Kevin Horlock

Personal information
- Date of birth: 1 November 1972 (age 53)
- Place of birth: Erith, England
- Height: 6 ft 0 in (1.83 m)
- Position: Midfielder

Team information
- Current team: Canvey Island (manager)

Youth career
- 1989–1991: West Ham United

Senior career*
- Years: Team / Apps / (Gls)
- 1991–1992: West Ham United / 0 / (0)
- 1992–1997: Swindon Town / 164 / (22)
- 1997–2003: Manchester City / 206 / (39)
- 2003–2004: West Ham United / 27 / (1)
- 2004–2006: Ipswich Town / 58 / (0)
- 2006: → Doncaster Rovers (loan) / 13 / (0)
- 2006–2008: Doncaster Rovers / 2 / (1)
- 2008: Scunthorpe United / 0 / (0)
- 2008: → Mansfield Town (loan) / 5 / (0)
- 2008–2015: Needham Market / 16 / (1)
- Total:  / 491 / (64)

International career
- 1995–2002: Northern Ireland / 32 / (0)

Managerial career
- 2015–2016: Chatham Town
- 2016–2018: Maldon & Tiptree
- 2020–2025: Needham Market
- 2025–2026: Maldon & Tiptree
- 2026–: Canvey Island

= Kevin Horlock =

Footballer (born 1972)

Kevin Horlock (born 1 November 1972) is a football manager and former professional footballer. He is the manager of Canvey Island.

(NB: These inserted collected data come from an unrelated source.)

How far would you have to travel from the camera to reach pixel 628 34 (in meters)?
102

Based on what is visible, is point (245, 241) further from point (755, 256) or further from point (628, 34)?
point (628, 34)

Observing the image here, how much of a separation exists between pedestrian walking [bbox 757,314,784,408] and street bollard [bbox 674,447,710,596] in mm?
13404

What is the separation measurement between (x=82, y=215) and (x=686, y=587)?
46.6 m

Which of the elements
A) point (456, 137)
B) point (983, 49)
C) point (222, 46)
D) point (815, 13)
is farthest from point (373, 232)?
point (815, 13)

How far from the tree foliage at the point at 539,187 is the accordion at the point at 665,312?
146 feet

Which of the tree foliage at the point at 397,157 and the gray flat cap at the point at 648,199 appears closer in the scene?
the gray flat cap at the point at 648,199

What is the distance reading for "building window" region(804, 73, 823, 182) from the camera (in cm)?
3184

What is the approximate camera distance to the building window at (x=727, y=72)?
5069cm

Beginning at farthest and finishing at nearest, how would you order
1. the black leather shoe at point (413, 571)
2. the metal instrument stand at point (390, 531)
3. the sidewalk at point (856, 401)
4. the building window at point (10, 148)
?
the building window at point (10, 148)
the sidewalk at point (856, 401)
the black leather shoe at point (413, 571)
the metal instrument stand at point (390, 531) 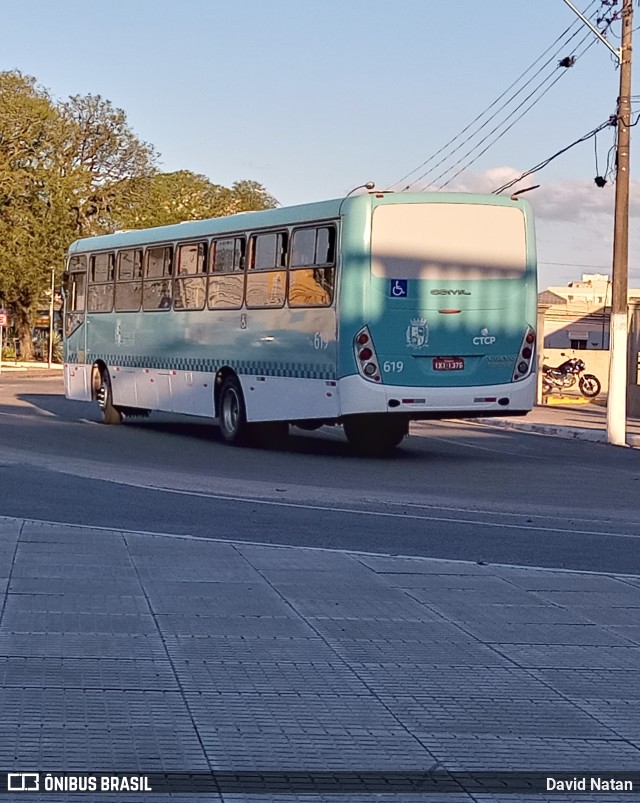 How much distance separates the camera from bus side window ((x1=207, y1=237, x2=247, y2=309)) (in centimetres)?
2225

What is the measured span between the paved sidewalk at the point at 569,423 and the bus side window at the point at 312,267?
307 inches

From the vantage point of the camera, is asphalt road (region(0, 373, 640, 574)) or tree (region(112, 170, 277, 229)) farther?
tree (region(112, 170, 277, 229))

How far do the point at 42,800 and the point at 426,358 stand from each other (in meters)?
15.1

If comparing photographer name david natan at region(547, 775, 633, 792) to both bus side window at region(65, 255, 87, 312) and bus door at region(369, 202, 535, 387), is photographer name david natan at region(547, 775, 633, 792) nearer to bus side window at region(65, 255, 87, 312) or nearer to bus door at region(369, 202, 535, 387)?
bus door at region(369, 202, 535, 387)

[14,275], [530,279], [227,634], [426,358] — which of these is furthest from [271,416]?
[14,275]

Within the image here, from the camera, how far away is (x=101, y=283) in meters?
27.4

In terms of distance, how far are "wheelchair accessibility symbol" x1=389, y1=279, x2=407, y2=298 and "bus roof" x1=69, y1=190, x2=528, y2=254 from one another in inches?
43.9

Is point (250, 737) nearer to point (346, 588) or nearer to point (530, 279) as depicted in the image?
point (346, 588)

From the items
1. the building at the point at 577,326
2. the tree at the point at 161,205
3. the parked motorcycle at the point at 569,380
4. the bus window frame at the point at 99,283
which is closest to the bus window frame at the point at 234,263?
the bus window frame at the point at 99,283

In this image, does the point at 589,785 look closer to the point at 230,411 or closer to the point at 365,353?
the point at 365,353

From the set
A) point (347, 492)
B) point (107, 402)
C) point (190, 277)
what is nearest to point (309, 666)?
point (347, 492)

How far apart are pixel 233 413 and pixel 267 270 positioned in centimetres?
255

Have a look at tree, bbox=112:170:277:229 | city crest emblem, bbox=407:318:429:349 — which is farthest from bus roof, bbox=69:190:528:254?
tree, bbox=112:170:277:229

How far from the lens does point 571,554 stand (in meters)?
11.6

As a player he was a midfielder who notably played for Manchester City, for whom he played in three different divisions including the Premier League. He also played for Swindon Town, West Ham United, Ipswich Town, Doncaster Rovers and Mansfield Town. Horlock was well known for his accurate set pieces and is particularly skilled at taking free kicks. Born in England, Horlock was a Northern Ireland international, earning 32 caps.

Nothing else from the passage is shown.